Tinha a Ave Maria de Schubert, religiosamente às 18 horas em todas as rádios. Ah!, essas maravilhas de quando em que o literal encontra o metafórico: religiosamente. Quase sempre o sol estava se pondo, um resto de luz ainda se despedia, reticente, na velha cidade da Bahia.
 
Tinha na rua o vendedor de taboca e seu triângulo. O auge do dia era comer taboca. Ouvia o som e seguia no passo do forró, sonhando com a rara oportunidade de aproveitar a iguaria.
 
– Voinha, bora comê taboca?
– Não.
 
Ô, desinfeliz que eu ficava. Rito diário, porque hômi precisava tabocar e eu precisava sonhar.
 
Por lá também passava o amolador de faca, com seu apito estranho e inconfundível. Nunca pude aproveitar de seus serviços, mas via seu carrinho com sua grande correia pedimentar, a grande pedra de amolar que girava freneticamente, as faíscas que subiam, quase como fogos de artifício e como magia, e tudo quanto é tesoura e faca cortava até pensamento depois.
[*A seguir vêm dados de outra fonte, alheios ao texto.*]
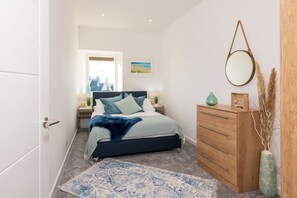 3 slaapkamers, een strijkplank/strijkijzer, reisbedje, gratis wifi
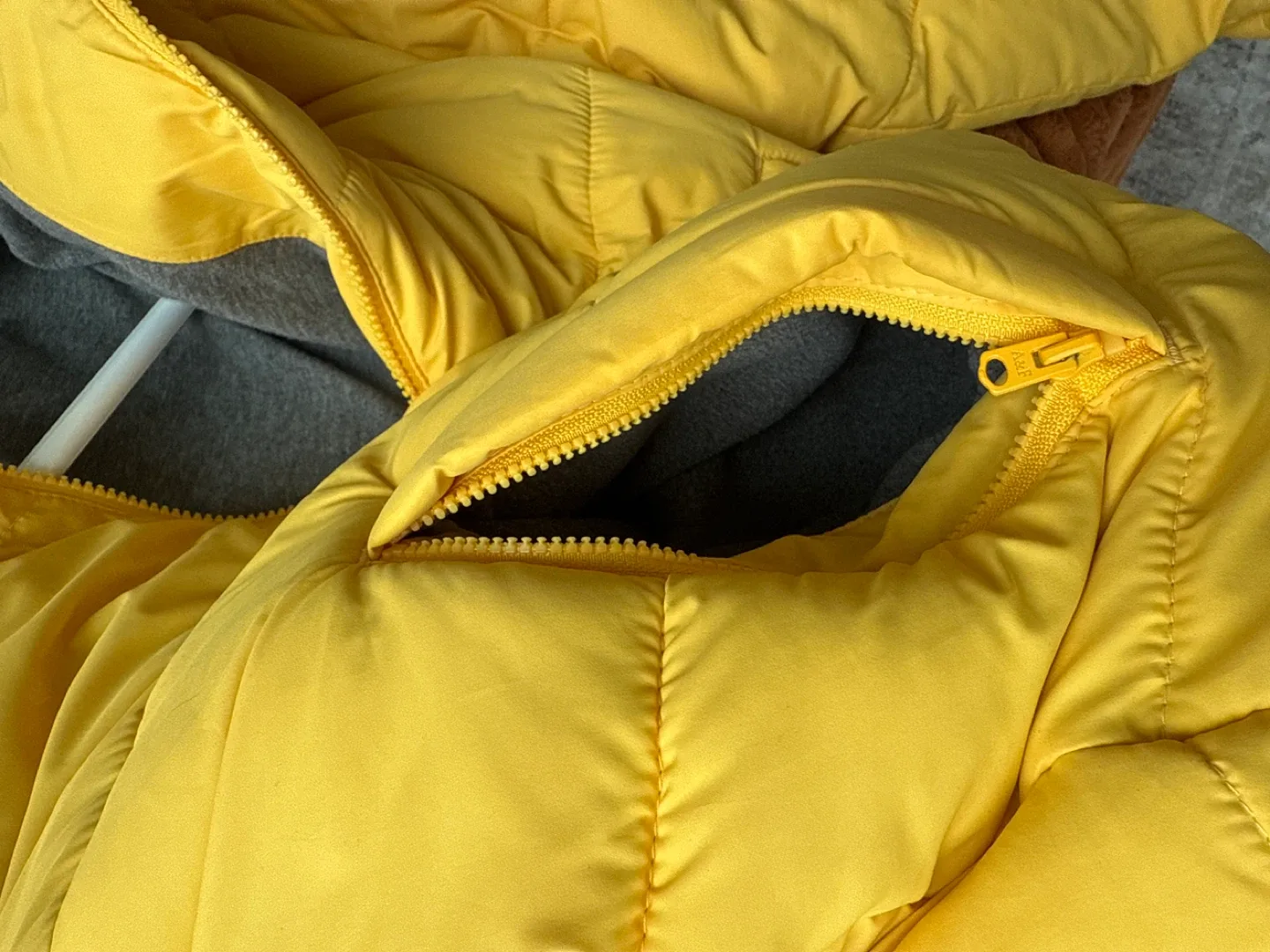 Abercrombie & Fitch Yellow Puffer Jacket - Size S image indicator(6)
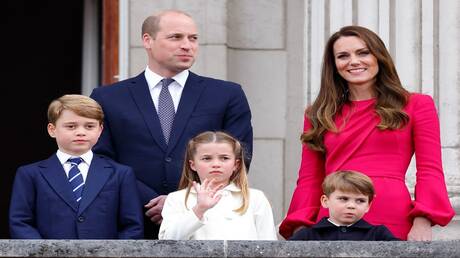 بريطانيا..  نشر وحذف صورة معدلة للعائلة المالكة والأميرة كيت تعتذر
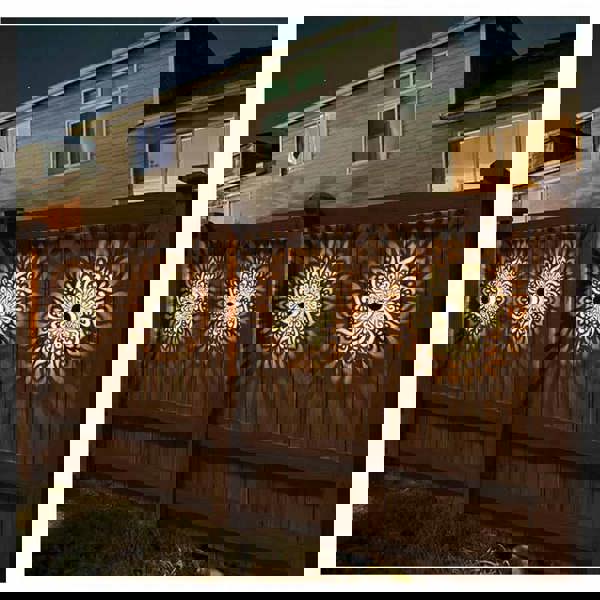 Leaper Solar-Powered Waterproof Mandala Pattern Sensor Wall Light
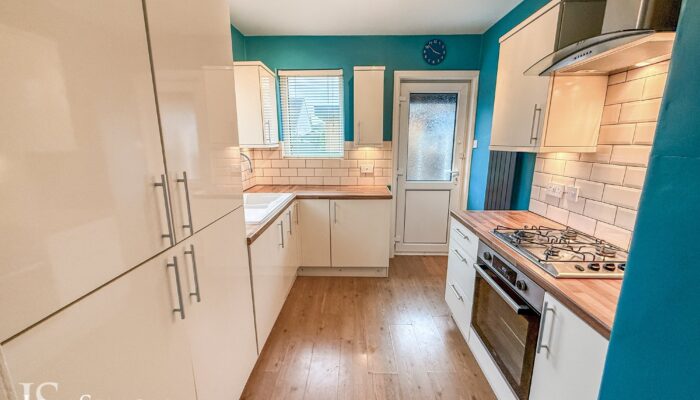 Southfield Road, Holcombe Brook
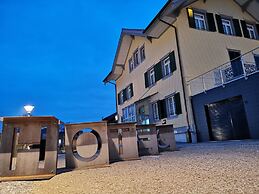 BS16 HOTEL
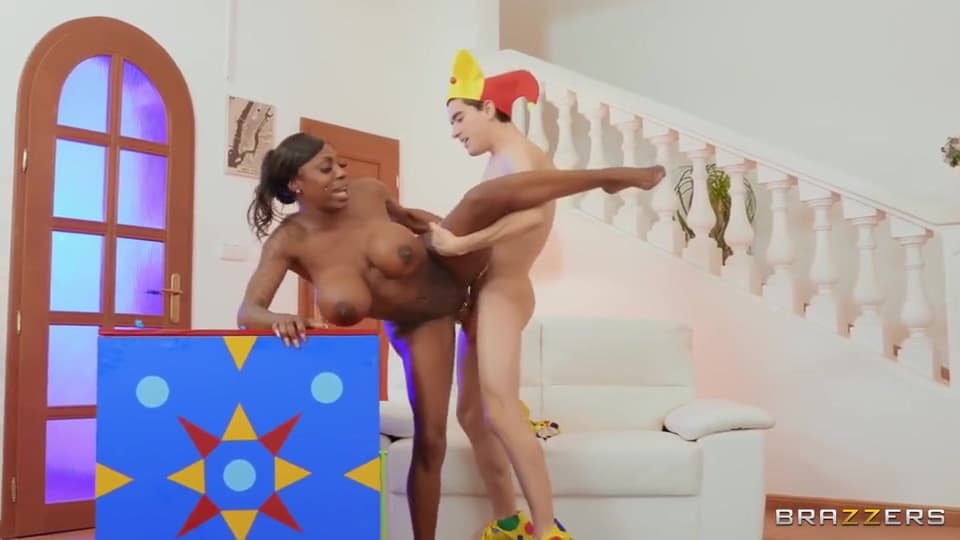 Immoral Ebony Plump Step mom Ebony Mystique Fucks Skinny_main_thumbnail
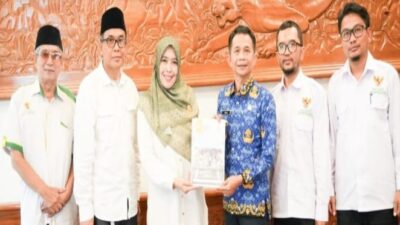 Baznas Memperkuat Ekonomi Umat Melalui Pengelolaan Zakat, Infak, dan Sedekah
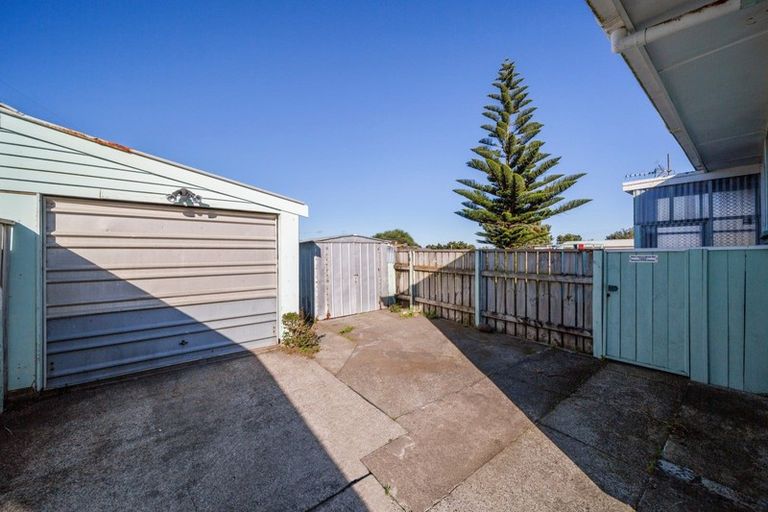 Photo of property in 10 Tohu Place, Spotswood, New Plymouth, 4310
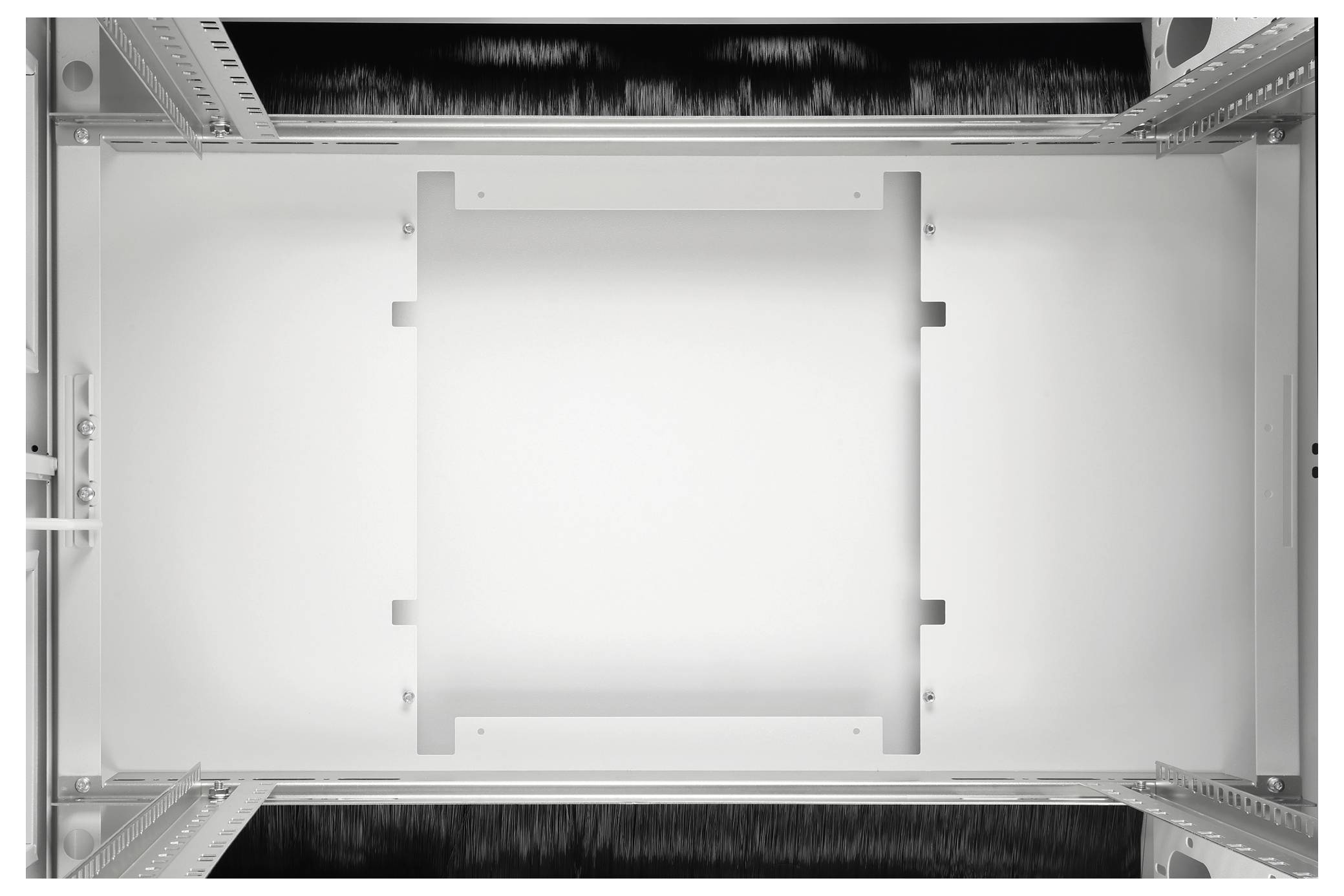 »Pogled od zgoraj na prazno, odprto stojalo za strežnike s kovinskimi tirnicami na straneh in belo zadnjo ploščo, kar nakazuje na pripravljeno prostor za namestitev opreme.«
Só o brilho do atrito do metal na pedra já valia a visita.
 
– Tem faca aí, Voinha?
– Oxe, pra quê?
– Pra amolar, ué!
– Faz-se de besta.
 
Dava de ombros e, a mim, as costas.
 
Tinha também o vendedor de acaçá e seu excepcional bordão comercial. Entenda, tem hora que o simples resolve. Coisa do Da Vinci, que disse que a simplicidade é o último grau de sofisticação. E passava a gritar:
 
– A-CA-ÇÁÁÁÁÁÁÁÁÁÁÁÁÁÁ!
 
Veja bem, imaturo que era para entender as coisas da simplicidade, nem dava bola, e só fui saber o que era acaçá muito recentemente.
 
Muito ao contrário era aquele que enchia os olhos de vida, a boca d’água e a alma de alegria. Estava em tudo quanto era canto. Um empreendimento gigantesco, imaginava eu, estava era na cidade toda! Ia a gente com seu isopor escrito com caneta hidrocor do lado, fita no ombro, sorriso no rosto e um calor da porra.
 
Natura teve aula com a Capelinha.
 
– Capeliiiiiiiiiiiiinha! Ói eeeeeeeeeeeeeu!
 
E a meta da vida era adivinhar a sequência bradada de sabores, que, segundo a minha memória, sempre começava com coco e amendoim, chegava no creme holandês e em algum momento passava pelo caju, pelo cajá, pela mangaba, pelo imbu (assim, com i, que nem imbigo), e por mais uma explosão de sabores, porque pedir um picolé era experimentar cantos com essência de outros. Aquela mordida de amendoim com cajá. Aquela lambida de coco com creme holandês. Aquela chupada de umbu com mangaba. Tudo no mesmo palito. Quer coisa melhor?
 
Morar em casa abre o mundo da rua, seus sons e sua gente, para o menino que dele nada sabe.